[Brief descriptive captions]
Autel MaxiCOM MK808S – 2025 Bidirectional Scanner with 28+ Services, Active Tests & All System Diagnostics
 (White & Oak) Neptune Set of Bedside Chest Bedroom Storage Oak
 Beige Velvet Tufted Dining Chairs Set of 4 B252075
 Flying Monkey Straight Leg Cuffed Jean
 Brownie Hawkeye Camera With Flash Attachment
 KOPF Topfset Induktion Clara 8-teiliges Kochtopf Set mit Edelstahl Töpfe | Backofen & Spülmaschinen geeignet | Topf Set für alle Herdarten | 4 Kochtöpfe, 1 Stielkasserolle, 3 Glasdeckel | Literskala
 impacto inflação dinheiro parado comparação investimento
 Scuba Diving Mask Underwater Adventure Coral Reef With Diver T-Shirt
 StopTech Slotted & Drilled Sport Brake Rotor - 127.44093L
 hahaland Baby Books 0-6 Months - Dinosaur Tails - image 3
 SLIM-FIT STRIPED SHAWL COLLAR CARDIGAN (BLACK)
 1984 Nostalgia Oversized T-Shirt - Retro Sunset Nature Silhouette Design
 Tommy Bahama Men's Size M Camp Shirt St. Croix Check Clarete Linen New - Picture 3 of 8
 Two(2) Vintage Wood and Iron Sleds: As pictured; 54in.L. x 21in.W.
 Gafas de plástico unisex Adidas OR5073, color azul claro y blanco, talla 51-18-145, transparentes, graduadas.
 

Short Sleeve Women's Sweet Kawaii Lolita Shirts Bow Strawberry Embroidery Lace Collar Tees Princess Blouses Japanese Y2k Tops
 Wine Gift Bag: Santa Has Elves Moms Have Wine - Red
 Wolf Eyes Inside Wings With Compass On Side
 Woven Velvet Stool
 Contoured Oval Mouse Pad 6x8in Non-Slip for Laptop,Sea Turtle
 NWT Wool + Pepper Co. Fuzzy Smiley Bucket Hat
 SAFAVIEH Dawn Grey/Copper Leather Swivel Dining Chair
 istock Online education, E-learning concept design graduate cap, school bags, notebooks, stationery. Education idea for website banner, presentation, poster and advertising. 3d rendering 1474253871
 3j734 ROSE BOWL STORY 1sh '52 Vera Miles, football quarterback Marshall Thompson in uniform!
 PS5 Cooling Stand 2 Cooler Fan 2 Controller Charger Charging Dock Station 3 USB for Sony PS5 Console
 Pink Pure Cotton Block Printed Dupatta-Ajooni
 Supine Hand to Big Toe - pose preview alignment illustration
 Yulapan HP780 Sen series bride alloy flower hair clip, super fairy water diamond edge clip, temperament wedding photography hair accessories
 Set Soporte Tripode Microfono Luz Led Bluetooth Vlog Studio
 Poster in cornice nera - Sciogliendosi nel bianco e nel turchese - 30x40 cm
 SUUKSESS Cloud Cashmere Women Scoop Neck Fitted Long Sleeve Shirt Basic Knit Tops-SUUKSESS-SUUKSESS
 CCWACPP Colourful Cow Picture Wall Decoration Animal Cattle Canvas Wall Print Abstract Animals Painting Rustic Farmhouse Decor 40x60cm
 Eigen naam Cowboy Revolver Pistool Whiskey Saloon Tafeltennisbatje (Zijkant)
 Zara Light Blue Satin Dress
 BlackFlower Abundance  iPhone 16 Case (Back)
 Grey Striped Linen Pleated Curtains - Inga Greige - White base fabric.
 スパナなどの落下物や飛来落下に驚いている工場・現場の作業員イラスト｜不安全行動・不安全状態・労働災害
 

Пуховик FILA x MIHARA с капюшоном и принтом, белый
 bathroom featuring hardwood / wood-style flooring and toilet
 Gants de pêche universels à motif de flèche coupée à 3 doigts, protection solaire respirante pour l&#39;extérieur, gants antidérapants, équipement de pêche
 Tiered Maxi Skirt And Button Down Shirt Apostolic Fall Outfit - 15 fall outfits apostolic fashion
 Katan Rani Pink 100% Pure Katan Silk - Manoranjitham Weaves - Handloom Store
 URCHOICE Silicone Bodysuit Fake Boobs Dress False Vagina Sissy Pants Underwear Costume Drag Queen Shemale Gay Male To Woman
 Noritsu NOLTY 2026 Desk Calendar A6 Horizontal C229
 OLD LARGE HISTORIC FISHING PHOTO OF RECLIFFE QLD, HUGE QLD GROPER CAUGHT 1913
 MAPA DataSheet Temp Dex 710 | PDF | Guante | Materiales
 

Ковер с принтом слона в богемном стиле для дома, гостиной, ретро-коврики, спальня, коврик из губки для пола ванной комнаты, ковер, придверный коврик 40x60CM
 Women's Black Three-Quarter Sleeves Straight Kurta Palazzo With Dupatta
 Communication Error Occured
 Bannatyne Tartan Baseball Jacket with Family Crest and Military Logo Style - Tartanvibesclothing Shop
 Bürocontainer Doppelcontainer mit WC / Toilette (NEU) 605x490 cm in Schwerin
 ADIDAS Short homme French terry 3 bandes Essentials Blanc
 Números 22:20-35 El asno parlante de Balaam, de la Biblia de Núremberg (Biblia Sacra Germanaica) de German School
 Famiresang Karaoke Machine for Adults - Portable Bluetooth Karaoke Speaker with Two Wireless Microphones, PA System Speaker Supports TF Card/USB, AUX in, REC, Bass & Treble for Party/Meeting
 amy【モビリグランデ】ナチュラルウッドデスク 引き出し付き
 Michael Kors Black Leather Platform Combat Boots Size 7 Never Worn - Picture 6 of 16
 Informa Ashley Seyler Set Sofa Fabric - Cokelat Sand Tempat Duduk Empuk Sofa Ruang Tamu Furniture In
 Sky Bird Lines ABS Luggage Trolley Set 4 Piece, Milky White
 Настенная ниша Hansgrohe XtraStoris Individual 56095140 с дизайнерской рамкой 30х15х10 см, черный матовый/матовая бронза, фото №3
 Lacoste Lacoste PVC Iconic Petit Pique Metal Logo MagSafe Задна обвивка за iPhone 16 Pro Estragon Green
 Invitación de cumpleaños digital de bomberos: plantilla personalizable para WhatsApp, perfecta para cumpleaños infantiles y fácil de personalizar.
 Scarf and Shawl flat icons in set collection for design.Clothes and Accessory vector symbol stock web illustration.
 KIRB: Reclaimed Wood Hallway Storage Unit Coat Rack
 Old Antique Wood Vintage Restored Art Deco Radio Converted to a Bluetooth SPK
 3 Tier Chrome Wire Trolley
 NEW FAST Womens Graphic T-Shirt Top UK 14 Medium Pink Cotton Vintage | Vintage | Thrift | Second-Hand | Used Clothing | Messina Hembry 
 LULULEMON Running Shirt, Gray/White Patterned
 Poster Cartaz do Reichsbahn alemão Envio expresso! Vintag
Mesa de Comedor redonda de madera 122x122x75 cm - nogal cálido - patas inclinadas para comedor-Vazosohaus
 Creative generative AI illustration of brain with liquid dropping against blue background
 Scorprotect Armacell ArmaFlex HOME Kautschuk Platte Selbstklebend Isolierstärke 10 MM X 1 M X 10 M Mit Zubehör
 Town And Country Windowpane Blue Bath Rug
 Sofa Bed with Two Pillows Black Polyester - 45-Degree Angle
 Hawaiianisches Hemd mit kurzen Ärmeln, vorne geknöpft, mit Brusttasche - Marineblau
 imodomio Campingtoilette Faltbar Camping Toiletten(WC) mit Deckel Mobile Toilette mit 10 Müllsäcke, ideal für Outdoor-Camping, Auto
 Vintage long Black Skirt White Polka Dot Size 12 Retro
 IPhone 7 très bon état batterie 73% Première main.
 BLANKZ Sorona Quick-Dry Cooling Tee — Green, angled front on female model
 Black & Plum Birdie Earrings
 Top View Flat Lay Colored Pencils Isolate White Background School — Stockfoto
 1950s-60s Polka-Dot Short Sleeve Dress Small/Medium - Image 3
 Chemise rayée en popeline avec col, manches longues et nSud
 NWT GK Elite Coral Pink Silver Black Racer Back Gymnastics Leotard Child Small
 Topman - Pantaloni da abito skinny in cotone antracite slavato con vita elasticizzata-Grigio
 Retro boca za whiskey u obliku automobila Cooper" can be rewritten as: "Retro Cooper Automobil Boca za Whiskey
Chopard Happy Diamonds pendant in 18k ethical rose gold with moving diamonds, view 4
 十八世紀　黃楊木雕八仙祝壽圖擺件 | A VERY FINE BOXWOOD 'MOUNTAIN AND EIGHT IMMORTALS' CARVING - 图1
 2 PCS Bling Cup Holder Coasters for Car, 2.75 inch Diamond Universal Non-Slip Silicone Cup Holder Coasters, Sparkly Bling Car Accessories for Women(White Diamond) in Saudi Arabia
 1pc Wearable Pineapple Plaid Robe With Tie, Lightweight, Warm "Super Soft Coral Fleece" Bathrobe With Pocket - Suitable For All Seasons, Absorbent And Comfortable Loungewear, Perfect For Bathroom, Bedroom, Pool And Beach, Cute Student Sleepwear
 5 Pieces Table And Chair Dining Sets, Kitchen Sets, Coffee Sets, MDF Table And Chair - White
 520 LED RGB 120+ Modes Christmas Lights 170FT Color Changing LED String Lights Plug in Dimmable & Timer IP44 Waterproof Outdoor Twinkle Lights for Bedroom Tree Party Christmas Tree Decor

> **WORK ITEM**
Retype exactly, and only, the lines above from the one where "URCHOICE Silicone Bodysuit" occurs up to and including the one where "Famiresang Karaoke Machine" occurs.

> **WORKED SOLUTION**
 URCHOICE Silicone Bodysuit Fake Boobs Dress False Vagina Sissy Pants Underwear Costume Drag Queen Shemale Gay Male To Woman
 Noritsu NOLTY 2026 Desk Calendar A6 Horizontal C229
 OLD LARGE HISTORIC FISHING PHOTO OF RECLIFFE QLD, HUGE QLD GROPER CAUGHT 1913
 MAPA DataSheet Temp Dex 710 | PDF | Guante | Materiales
 

Ковер с принтом слона в богемном стиле для дома, гостиной, ретро-коврики, спальня, коврик из губки для пола ванной комнаты, ковер, придверный коврик 40x60CM
 Women's Black Three-Quarter Sleeves Straight Kurta Palazzo With Dupatta
 Communication Error Occured
 Bannatyne Tartan Baseball Jacket with Family Crest and Military Logo Style - Tartanvibesclothing Shop
 Bürocontainer Doppelcontainer mit WC / Toilette (NEU) 605x490 cm in Schwerin
 ADIDAS Short homme French terry 3 bandes Essentials Blanc
 Números 22:20-35 El asno parlante de Balaam, de la Biblia de Núremberg (Biblia Sacra Germanaica) de German School
 Famiresang Karaoke Machine for Adults - Portable Bluetooth Karaoke Speaker with Two Wireless Microphones, PA System Speaker Supports TF Card/USB, AUX in, REC, Bass & Treble for Party/Meeting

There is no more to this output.